Black Canary had started calling names. Superboy was first, but his visit was short-lived. He had stormed out of the cave within minutes, leaving Artemis to be called upon. Robin had by then gathered that this was some sort of attempt at therapy, but he said nothing to the others. Artemis had been gone longer – Robin had subconsciously counted off thirty minutes – and then Wally was called in. Artemis didn't look at him as she passed. She didn't look at anyone. She sat herself onto the couch in front of the turned-off TV, pulled her knees up to her chest, and zoned out to her own little world, much like Robin had done. He vaguely hoped hers was less cynical.

Wally came out close to thirty minutes later, too, and he at least looked a little more upbeat than before he had gone in. He chose a spot at the end of the couch that Robin occupied, bringing with him his almost empty bowl of popcorn.

"Robin…"

He was next. Robin slowly stood onto his feet and moved himself in the right direction, slipping into a room that sat only Black Canary. He took the seat in front of her, keeping his slouched body closer to the edge of the chair. He tried not to look up at her as she spoke. He tried not to even answer, but those feelings were there, bubbling over until finally, they began to form words and spill from his mouth.

He talked to the woman about his thoughts on what the Team had gone through. He explained how he understood that he did what he had to as leader, but the consequences were just too great. He had started off wanting to be like Batman, but now… now he knew that he never could; he didn't want to. He was okay with fighting the evils of the world, but he couldn't lose himself to whatever drove Batman to sacrifice everything for the sake of a mission. Whatever was inside of that man… Robin knew he wouldn't ever allow it to take him over, too.
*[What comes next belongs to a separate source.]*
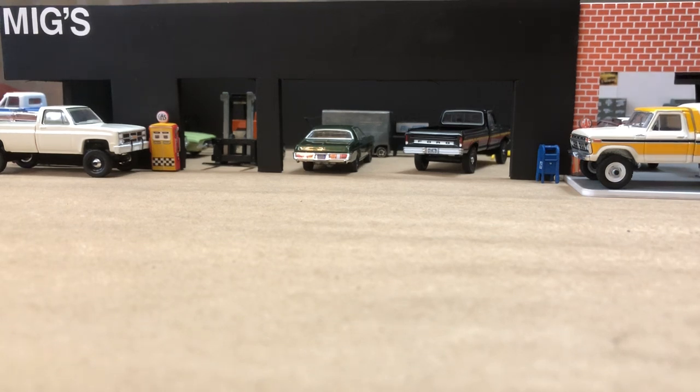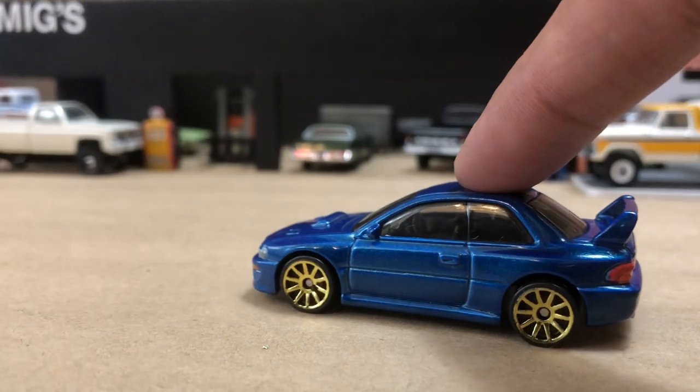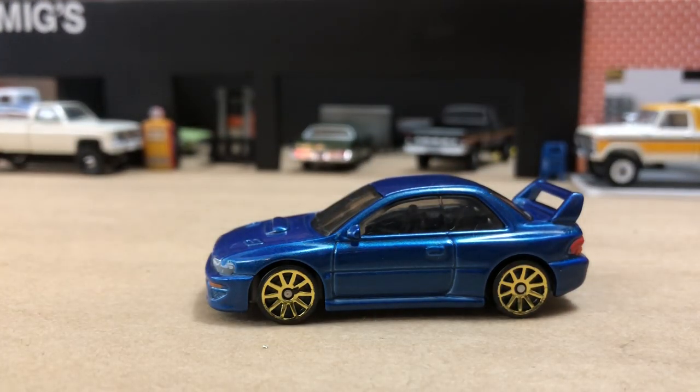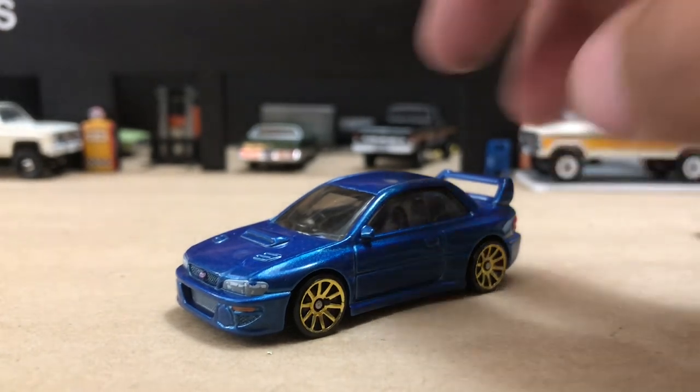Let's start off with some mainline stuff. Everybody's been looking for this bad boy. This is a really cool casting, a little bit larger than 1/64 scale, but it's really pretty accurate in terms of this specific version of the Impreza Coupe. This is a 98 22B STI, a very, very limited production car. It goes back to the earlier 90s when this body of Impreza came out, and they did a really great job replicating this car.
Robin didn't really feel any different when he exited the room. He was a little relieved to know that his emotions could be described, but he didn't feel satisfied. The dread still rested inside of him, aching from the pit of his stomach all the way up to depths his strong heart. There would be no mission that day and for once, he wasn't upset about it. He managed to slip passed his teammates without being noticed, but Batman was another story. He could feel the eyes of his guardian on him, but the man did nothing to stop him from zeta-ing home.

Robin had bypassed Alfred and the kitchen to go up to his room. He threw his jacket and sunglasses off, and plopped onto his bed, eying the ceiling with no interest. His thoughts were deep and distracting, much like they had been since the day of the simulation. He had tried to seem normal, but his talk with Black Canary only solidified his thoughts and emotions. He could do this hero thing, he knew he could, but how could he tell Batman what he had revealed to Black Canary? Did he even want to? He still looked up to the man that meant so much to him, but how long could he pretend to be unaffected? So far, he had been doing a rotten job of appearing to be normal and he knew it.

Robin, who was simply Dick now, hadn't realized how long he had been locked away in his room until a rather soft knock on his door made him peer at the clock. The door was pushed open before he could answer, forcing him to sit up. His deep blue eyes landed on Bruce's tall figure. Dick allowed his eyes to linger on his guardian for a few seconds, taking in his normal serious expression before turning away to face the silent pictures flashing across his television screen. He watched the boring cartoons with disinterest, keeping his peripheral vision on the man standing by his door frame. He sat still when he noticed Bruce shut the door behind him before taking a few steps closer.

Dick wasn't naïve and he was most definitely not stupid, so he had a pretty good idea why Bruce had decided to pay him a visit. It wasn't odd that he hadn't spoken yet, deciding to observe his young ward instead. In all honesty, Bruce wasn't quite sure what to say to the poor boy. He had hoped that Dick and the team would've pulled together by now. He hoped that their emotions would have finally died down so they could return to being normal, sometimes annoying, teenagers. Unusually, however, Bruce was wrong. He had once again underestimated the Boy Wonder, but it wasn't a good thing this time.

"You visited with Dinah?"

Dick didn't find it odd that Bruce had chosen to use Black Canary's real name because the two trusted each other. What he did find odd, though, was the question itself. It seemed so… vague for the usually direct Batman. What did he care if he spoke with Black Canary or not?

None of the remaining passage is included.